■ **Material shown**
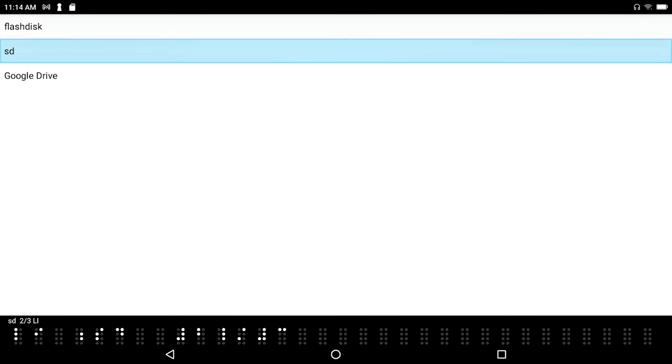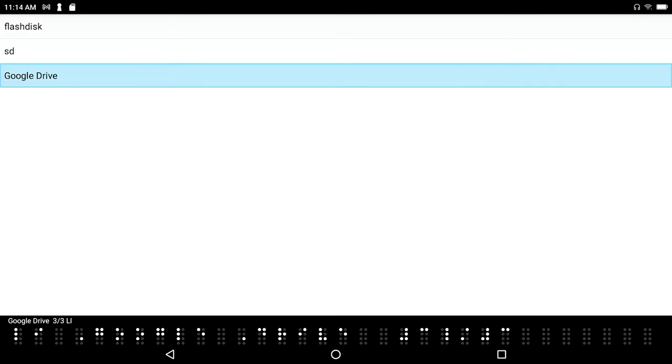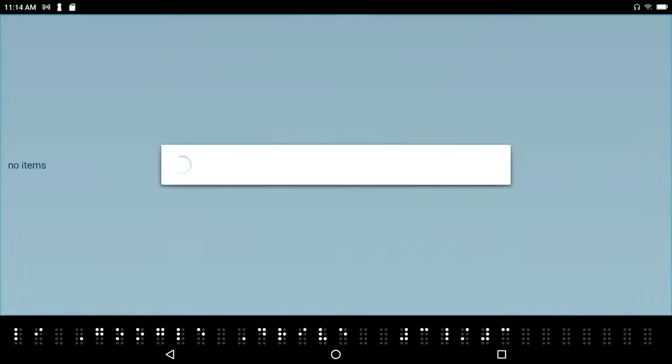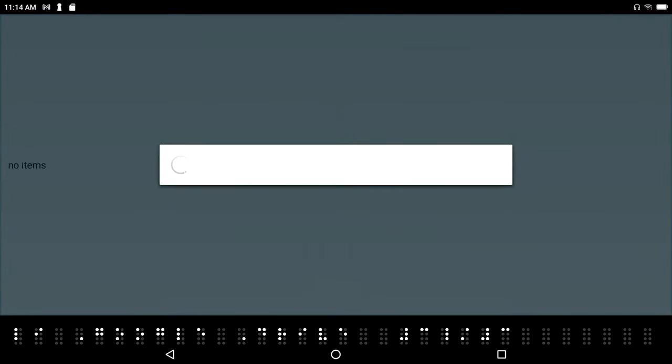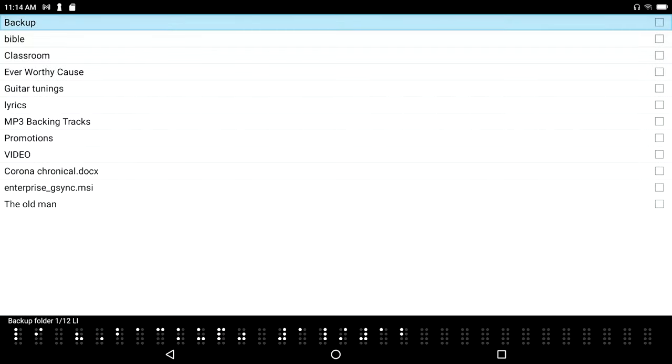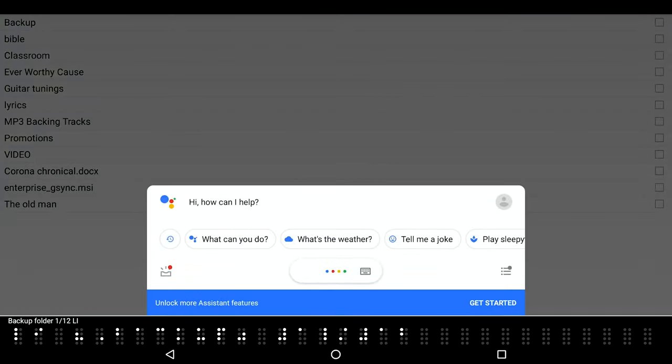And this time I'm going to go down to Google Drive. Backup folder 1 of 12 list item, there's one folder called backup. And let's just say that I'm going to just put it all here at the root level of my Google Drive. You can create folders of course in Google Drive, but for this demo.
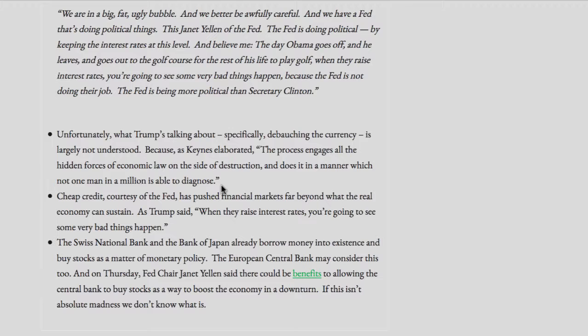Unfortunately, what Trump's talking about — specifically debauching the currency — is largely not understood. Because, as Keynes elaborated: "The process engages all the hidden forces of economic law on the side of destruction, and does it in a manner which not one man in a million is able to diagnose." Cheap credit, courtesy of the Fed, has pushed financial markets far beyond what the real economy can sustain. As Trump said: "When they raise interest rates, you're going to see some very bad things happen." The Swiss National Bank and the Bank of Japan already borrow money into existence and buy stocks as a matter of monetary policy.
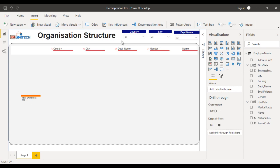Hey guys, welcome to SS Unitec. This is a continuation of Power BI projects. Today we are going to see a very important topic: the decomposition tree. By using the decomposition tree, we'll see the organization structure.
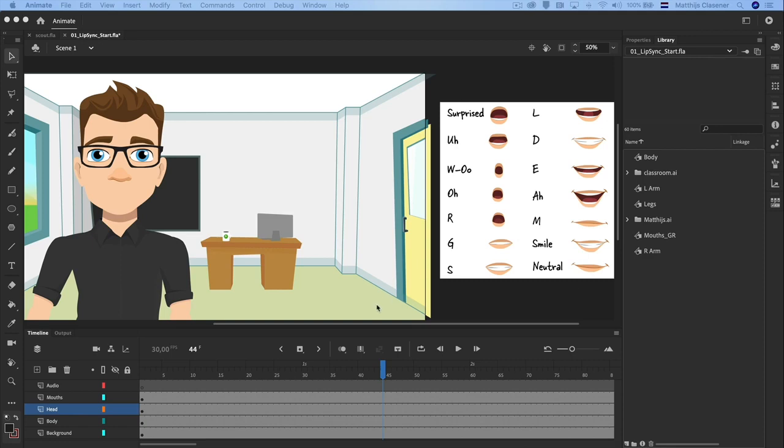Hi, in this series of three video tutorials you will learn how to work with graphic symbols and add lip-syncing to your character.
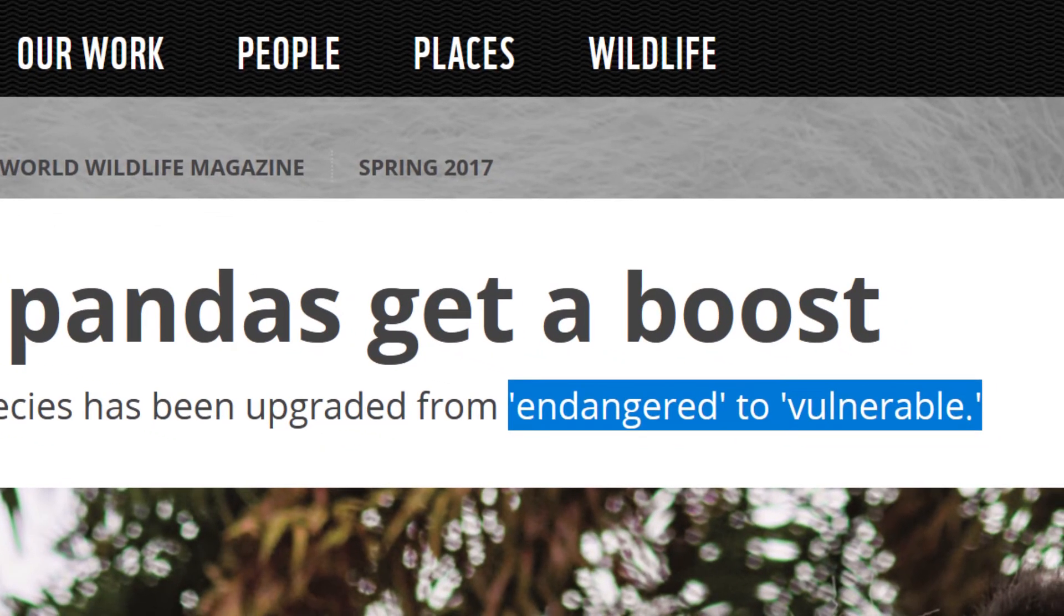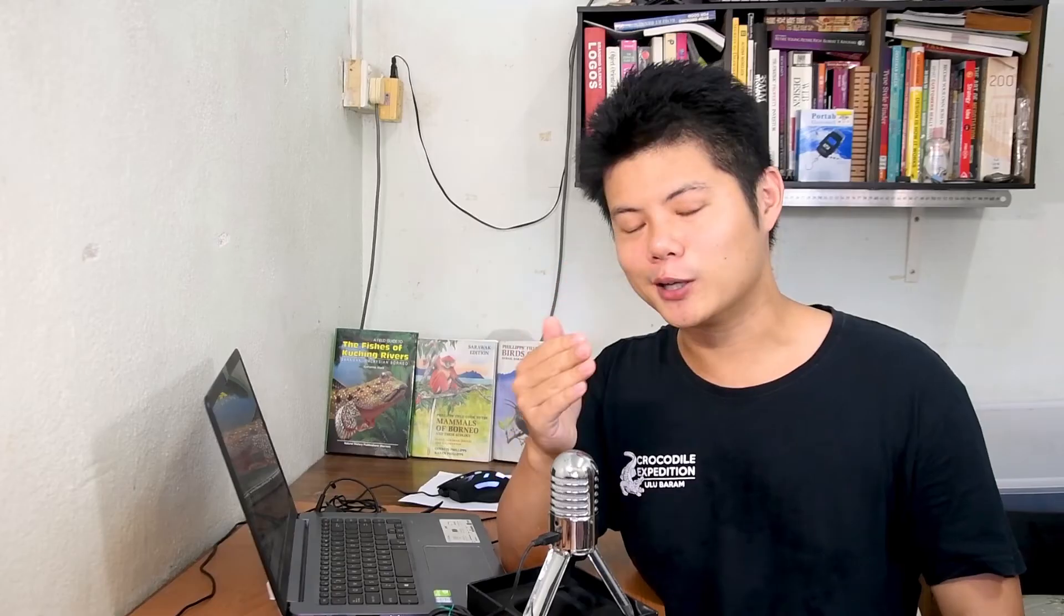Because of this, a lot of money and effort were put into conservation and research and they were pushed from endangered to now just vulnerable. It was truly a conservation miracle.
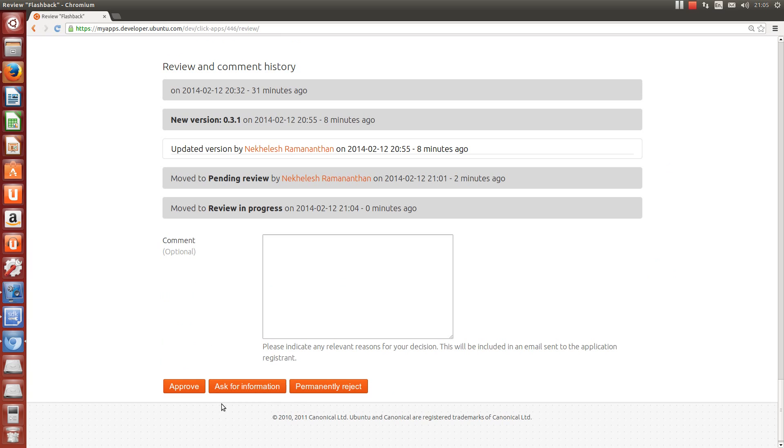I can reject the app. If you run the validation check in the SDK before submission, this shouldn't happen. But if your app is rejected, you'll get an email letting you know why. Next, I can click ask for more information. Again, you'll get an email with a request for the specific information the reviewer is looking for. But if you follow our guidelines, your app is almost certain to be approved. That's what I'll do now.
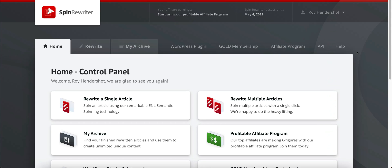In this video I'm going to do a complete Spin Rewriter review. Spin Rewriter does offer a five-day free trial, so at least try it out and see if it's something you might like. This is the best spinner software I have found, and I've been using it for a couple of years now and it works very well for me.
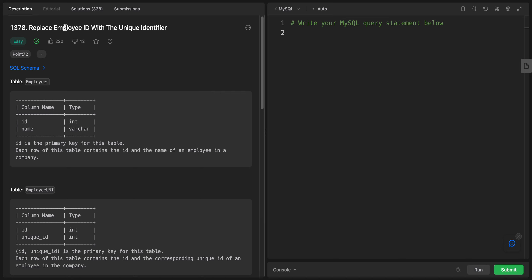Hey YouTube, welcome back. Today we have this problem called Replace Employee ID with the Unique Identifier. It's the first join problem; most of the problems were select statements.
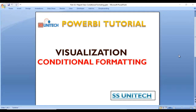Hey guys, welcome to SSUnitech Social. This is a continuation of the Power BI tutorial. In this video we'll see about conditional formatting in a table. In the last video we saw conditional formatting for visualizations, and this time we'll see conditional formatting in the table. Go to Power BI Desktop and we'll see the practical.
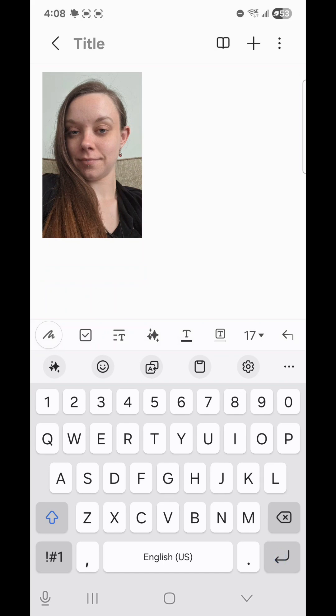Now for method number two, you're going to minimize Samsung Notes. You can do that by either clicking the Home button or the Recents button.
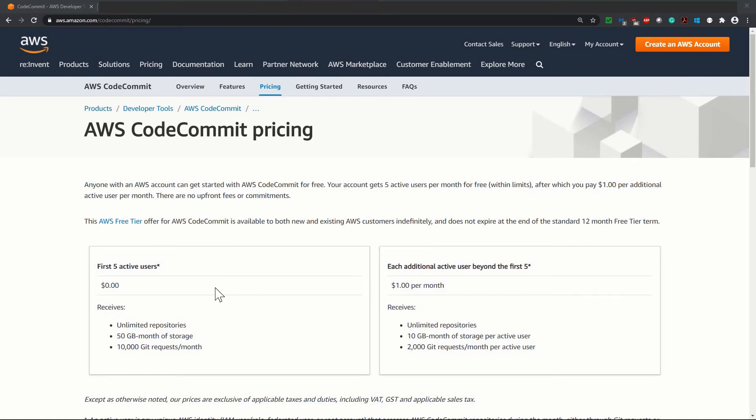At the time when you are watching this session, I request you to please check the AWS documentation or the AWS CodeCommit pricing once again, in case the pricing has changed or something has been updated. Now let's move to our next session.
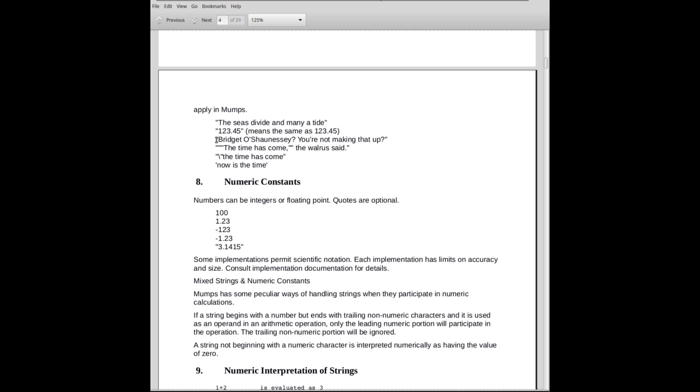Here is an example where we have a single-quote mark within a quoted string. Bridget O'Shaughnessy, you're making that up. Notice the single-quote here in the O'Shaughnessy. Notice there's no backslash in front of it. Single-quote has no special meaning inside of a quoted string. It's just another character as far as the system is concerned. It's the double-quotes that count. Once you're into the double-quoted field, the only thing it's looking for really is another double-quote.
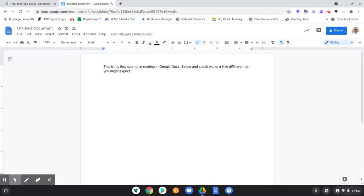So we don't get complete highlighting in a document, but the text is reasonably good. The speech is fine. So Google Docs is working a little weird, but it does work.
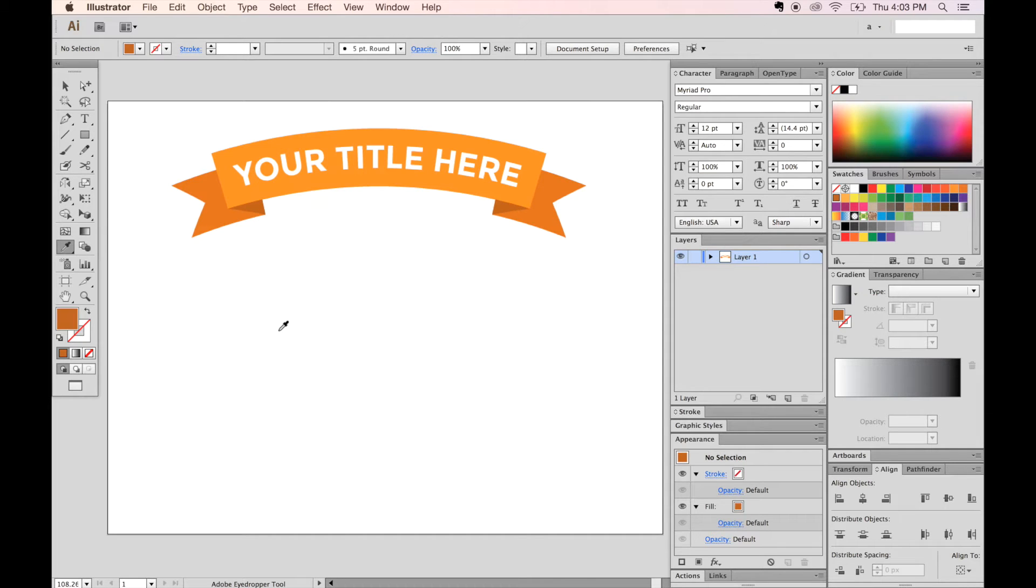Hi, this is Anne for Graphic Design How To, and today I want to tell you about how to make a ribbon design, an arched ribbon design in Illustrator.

■ **Assigned task**
In the listing, find the line containing "At the time" and repeat it and every later line through the last one, word for word, excluding the pictures.

■ **Response area**
At the time when you are watching this session, I request you to please check the AWS documentation or the AWS CodeCommit pricing once again, in case the pricing has changed or something has been updated. Now let's move to our next session.
Here is an example where we have a single-quote mark within a quoted string. Bridget O'Shaughnessy, you're making that up. Notice the single-quote here in the O'Shaughnessy. Notice there's no backslash in front of it. Single-quote has no special meaning inside of a quoted string. It's just another character as far as the system is concerned. It's the double-quotes that count. Once you're into the double-quoted field, the only thing it's looking for really is another double-quote.
So we don't get complete highlighting in a document, but the text is reasonably good. The speech is fine. So Google Docs is working a little weird, but it does work.
Hi, this is Anne for Graphic Design How To, and today I want to tell you about how to make a ribbon design, an arched ribbon design in Illustrator.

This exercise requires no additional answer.